Thanks so much for this. Enormously helpful and much appreciated. Any difference between ver_0.01 and ver_0.02?
Also, mostly out of curiosity and interest to learn, is training the classifier directly using the primer sequences on QIIME2 not advisable? I saw your comment about retaining more sequences and was hoping you could expand on it a little.
Great question! I apologize for the lack of documentation. I should remove the older version, and will likely do so soon. But for the most part I had truncated the species labels. The reason for this, is, you may have (nearly) identical sequences that point to very slightly different species label annotations, such as:
So, if your sequence is similar to these, you’d think it should be classified as
s__Clostridioides_difficile. This will not be the case, as the specific species strings are different. What the classifier may actually return is the upper-level taxonomy g__Clostridioides.
This is not the fault of the classifier per se, but a problem of annotation which negatively affects the classifier. Because of this, I decided to only return the first two words (i.e. Clostridioides and difficile) of the “species” string. This should not affect the “no-species” labeled versions. In fact, I think the file sizes stay the same for those (there are no species labels to begin with). The files with updated species labels, should be slightly smaller in version 0.02 as the species labels are shorter. Some of the “species” labels are very long.
I also reworked some of the steps and code , so that you can run more of the steps within the QIIME 2 environment (prior code had you jumping back and forth between QIIME 1 and QIIME 2). In general, use the latest version, or follow the steps outlined in the pipeline of my original post.
I hope this clarifies things!
Got it! Thank you!
Thoughts on my question regarding advantages of using primer locations as opposed to primer sequences to train the classifier? I saw your comment about it retaining more sequences and was wondering if you could expand on it more.

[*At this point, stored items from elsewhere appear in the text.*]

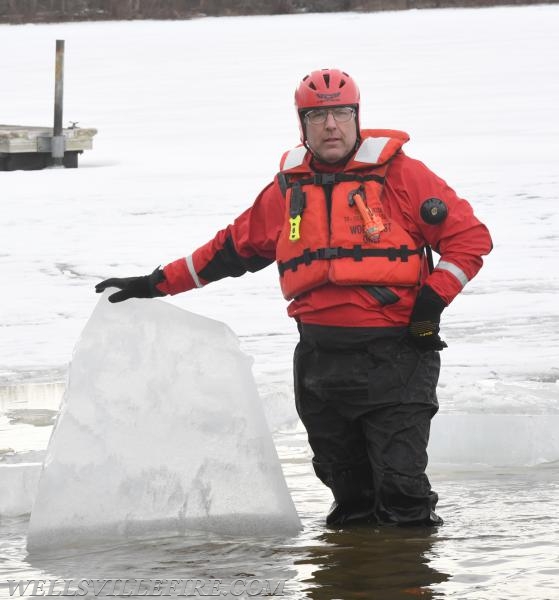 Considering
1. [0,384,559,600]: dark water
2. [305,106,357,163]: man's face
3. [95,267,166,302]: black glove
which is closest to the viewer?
[0,384,559,600]: dark water

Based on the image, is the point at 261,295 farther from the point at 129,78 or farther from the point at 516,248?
the point at 129,78

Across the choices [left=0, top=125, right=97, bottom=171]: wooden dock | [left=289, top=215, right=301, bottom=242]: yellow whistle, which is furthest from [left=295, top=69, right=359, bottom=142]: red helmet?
[left=0, top=125, right=97, bottom=171]: wooden dock

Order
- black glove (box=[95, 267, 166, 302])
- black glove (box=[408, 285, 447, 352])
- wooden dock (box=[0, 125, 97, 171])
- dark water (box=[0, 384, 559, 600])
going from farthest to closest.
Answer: wooden dock (box=[0, 125, 97, 171])
black glove (box=[95, 267, 166, 302])
black glove (box=[408, 285, 447, 352])
dark water (box=[0, 384, 559, 600])

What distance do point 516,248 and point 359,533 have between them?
611 centimetres

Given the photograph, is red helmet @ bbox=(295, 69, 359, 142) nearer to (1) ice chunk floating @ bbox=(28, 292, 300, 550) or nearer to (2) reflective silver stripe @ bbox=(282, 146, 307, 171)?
(2) reflective silver stripe @ bbox=(282, 146, 307, 171)

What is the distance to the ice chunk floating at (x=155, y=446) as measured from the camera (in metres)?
3.88

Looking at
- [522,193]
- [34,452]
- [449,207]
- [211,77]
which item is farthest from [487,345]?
[211,77]

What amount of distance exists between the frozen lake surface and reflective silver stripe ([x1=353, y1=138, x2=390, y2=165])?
1.10m

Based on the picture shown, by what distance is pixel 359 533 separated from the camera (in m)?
3.92

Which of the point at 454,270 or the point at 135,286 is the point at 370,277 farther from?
the point at 135,286

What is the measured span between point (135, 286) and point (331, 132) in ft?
2.63

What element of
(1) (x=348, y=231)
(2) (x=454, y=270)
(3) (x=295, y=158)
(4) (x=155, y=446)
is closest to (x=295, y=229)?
(1) (x=348, y=231)

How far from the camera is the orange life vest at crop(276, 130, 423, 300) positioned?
145 inches

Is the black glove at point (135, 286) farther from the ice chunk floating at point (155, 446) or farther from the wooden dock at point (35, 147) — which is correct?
the wooden dock at point (35, 147)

Sorry I may not have framed that question properly before.
I prefer to extract the amplicon region from an alignment rather than a primer search because of one simple issue: the reality that a primer can, and often does, amplify DNA in which it was not intended to amplify. This is called specificity:
“… defined as the frequency with which a mis-priming event occurs. Primers with mediocre to poor specificity tend to produce PCR products with extra unrelated and undesirable amplicons”.

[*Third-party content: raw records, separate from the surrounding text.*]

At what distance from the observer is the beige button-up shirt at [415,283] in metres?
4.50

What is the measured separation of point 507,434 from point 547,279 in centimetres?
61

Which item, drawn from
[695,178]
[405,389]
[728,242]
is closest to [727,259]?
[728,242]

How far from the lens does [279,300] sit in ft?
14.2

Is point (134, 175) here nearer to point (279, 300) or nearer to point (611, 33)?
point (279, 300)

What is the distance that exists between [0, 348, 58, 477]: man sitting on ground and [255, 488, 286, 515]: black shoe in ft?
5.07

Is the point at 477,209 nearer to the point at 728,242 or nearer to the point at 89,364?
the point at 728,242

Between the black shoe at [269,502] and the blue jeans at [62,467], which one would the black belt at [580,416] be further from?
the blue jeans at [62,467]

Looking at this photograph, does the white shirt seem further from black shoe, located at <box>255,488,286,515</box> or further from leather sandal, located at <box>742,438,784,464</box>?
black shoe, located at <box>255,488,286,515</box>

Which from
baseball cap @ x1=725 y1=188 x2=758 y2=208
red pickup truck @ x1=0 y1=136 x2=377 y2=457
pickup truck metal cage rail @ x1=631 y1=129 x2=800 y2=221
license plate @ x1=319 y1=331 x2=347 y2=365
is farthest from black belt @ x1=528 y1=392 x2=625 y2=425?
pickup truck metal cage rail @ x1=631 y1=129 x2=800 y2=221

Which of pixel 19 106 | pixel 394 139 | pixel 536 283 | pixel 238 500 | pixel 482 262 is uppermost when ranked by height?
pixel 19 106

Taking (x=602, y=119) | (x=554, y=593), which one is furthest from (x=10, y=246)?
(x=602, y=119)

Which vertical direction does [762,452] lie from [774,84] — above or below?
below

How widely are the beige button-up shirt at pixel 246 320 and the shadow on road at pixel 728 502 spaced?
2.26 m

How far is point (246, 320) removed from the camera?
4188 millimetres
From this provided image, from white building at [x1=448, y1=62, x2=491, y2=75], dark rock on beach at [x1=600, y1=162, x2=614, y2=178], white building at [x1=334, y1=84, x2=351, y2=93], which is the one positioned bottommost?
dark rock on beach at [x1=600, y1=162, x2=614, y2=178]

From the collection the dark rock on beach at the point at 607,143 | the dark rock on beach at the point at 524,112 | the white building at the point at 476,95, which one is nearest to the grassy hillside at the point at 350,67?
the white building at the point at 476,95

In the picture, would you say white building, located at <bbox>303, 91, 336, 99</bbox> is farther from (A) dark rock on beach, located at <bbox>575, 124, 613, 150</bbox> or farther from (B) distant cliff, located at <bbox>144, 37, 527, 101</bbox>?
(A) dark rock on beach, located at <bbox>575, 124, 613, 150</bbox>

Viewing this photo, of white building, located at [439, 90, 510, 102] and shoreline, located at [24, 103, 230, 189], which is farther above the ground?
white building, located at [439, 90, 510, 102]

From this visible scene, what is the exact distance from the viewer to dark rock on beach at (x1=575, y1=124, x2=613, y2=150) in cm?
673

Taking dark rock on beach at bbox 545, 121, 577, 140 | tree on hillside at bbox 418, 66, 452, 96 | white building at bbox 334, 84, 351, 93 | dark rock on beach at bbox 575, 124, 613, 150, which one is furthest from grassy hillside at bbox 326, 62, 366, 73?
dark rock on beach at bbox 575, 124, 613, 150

That is, I often like to know exactly where my “off-target amplicons” are coming from. By retaining as much of the reference data set in my classifier, even those that may not be a great “string match” of the primer to a given reference sequence, enables me to classify more of these off-targets, i.e. less sequences being returned as “unclassified”. This is my worry of using a primer match (even with adjustments to the mismatch parameters). However, that being said…
- The caveat of using alignment positions is that it assumes you have a well-curated and trustworthy alignment, in which those alignment positions are meaningful for the group(s) under investigation! That is, your gene can be globally aligned.
- Depending on the amplicon under study, e.g. Fungal ITS, using primer search to extract your region of interest is your only recourse, as some marker genes are very difficult (nay impossible!) to globally align.
In a nutshell , for the 16S rRNA gene data, using the curated alignment to exctract the amplicon region of interest saves me from having to run BLAST (or another tool) on most of my “unclassified” sequences, as my off-targets will be readily classified.
-Does this help?
Yes, this is great. Thank you!
@SoilRotifer Thank you for providing the qiime compatible files for silva release 138. I’m going to be using qiime 2020.2, and so I see from another user’s post that I’ll have to train the classifier, using the sequence and taxonomy .qza files you provided. I used the primers 515/806R for my sequencing. If I use the files in the EMP_V4_515f-806r folder, would I then start in at the ‘Train the classifier’ step, as explained here (i.e. I could skip the ‘Extract reference reads’ step)? Thank you!
Correct, you can skip right to the training step.